# Exercise directions:
Which lines of the records below contain the string "再见五大联赛"? Report each of them.

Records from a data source
Start of Block
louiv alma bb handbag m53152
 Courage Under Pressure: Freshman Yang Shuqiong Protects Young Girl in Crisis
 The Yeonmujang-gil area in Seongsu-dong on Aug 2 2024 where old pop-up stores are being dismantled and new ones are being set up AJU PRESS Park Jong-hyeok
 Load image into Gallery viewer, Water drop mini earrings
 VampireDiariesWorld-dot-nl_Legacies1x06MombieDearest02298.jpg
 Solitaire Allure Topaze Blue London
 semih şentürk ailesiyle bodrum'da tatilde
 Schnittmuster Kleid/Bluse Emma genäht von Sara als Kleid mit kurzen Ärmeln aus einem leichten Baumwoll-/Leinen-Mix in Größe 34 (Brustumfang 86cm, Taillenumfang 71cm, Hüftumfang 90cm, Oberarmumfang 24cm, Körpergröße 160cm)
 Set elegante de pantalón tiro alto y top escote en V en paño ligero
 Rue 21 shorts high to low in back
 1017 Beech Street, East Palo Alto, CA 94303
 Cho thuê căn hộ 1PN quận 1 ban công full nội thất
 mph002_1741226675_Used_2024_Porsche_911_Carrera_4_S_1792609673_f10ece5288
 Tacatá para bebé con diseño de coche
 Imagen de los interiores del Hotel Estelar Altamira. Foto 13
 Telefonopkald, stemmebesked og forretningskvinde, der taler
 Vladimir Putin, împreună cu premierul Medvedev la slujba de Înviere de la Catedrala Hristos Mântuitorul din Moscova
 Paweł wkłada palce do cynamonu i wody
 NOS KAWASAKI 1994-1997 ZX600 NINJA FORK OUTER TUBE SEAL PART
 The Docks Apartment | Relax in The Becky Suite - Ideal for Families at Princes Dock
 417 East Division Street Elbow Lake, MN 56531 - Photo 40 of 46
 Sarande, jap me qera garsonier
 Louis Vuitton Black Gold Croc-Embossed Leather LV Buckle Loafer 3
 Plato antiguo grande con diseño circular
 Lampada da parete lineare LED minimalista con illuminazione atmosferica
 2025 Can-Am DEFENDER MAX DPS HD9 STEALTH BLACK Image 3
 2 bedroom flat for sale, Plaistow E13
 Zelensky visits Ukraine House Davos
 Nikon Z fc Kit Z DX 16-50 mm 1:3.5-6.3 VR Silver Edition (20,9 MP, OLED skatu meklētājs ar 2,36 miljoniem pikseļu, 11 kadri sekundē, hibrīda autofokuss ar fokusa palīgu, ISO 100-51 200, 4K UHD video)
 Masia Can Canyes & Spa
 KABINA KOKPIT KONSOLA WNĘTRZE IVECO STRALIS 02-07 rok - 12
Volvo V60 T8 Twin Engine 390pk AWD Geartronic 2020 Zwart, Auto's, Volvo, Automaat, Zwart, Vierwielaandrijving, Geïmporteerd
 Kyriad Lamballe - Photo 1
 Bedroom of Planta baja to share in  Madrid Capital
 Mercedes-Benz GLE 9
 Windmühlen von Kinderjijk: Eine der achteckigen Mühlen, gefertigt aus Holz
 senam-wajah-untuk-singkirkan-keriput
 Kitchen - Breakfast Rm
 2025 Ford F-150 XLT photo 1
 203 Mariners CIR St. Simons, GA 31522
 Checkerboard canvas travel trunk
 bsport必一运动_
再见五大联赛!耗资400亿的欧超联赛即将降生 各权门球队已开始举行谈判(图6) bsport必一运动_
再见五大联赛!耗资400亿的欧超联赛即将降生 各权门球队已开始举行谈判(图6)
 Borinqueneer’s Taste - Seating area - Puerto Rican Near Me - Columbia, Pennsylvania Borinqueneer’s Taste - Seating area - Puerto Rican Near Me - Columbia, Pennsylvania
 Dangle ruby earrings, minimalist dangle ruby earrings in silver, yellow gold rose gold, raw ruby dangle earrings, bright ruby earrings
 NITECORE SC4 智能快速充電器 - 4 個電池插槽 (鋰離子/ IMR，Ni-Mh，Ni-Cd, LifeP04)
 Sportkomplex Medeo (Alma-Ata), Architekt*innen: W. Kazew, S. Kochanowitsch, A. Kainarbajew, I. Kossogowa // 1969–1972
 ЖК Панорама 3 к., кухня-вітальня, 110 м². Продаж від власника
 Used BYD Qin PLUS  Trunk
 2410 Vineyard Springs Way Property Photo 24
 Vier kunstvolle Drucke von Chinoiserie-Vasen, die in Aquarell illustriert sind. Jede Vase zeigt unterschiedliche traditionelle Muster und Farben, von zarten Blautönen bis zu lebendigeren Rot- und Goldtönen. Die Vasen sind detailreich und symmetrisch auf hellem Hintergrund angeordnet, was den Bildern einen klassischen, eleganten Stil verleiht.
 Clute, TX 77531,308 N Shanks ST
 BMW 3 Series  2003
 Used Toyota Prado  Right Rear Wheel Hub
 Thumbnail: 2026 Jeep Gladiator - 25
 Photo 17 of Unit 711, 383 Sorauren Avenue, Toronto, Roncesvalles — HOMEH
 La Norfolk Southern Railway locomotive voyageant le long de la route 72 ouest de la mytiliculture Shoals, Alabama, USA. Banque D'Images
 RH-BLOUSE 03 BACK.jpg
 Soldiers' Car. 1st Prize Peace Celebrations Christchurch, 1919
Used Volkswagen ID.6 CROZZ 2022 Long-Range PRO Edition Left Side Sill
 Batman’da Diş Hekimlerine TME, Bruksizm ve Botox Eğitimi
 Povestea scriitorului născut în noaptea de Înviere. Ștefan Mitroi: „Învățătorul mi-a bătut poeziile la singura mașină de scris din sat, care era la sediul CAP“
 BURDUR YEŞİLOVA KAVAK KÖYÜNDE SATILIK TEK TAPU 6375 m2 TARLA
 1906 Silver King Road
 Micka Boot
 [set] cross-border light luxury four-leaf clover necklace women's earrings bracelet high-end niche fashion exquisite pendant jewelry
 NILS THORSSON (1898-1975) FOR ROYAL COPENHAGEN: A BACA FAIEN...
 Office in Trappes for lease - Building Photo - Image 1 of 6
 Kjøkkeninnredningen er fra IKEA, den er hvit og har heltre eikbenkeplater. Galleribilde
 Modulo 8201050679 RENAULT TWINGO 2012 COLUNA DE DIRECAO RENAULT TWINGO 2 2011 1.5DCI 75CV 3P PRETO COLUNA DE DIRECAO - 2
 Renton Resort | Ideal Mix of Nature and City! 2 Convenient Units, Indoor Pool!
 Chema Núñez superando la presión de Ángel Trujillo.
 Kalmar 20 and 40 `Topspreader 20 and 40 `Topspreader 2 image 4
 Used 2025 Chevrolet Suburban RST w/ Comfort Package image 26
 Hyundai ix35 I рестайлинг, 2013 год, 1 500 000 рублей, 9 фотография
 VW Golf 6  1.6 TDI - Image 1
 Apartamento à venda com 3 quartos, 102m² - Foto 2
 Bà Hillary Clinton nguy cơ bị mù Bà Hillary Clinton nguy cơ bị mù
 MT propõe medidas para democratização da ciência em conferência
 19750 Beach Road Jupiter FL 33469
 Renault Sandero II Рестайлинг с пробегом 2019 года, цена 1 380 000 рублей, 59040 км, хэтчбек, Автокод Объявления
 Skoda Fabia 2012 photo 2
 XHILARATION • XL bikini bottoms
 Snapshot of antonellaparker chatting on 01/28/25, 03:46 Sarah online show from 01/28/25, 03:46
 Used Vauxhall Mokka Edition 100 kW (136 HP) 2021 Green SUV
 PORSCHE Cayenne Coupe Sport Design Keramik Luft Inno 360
End of Block
# Written answer:
再见五大联赛!耗资400亿的欧超联赛即将降生 各权门球队已开始举行谈判(图6) bsport必一运动_
再见五大联赛!耗资400亿的欧超联赛即将降生 各权门球队已开始举行谈判(图6)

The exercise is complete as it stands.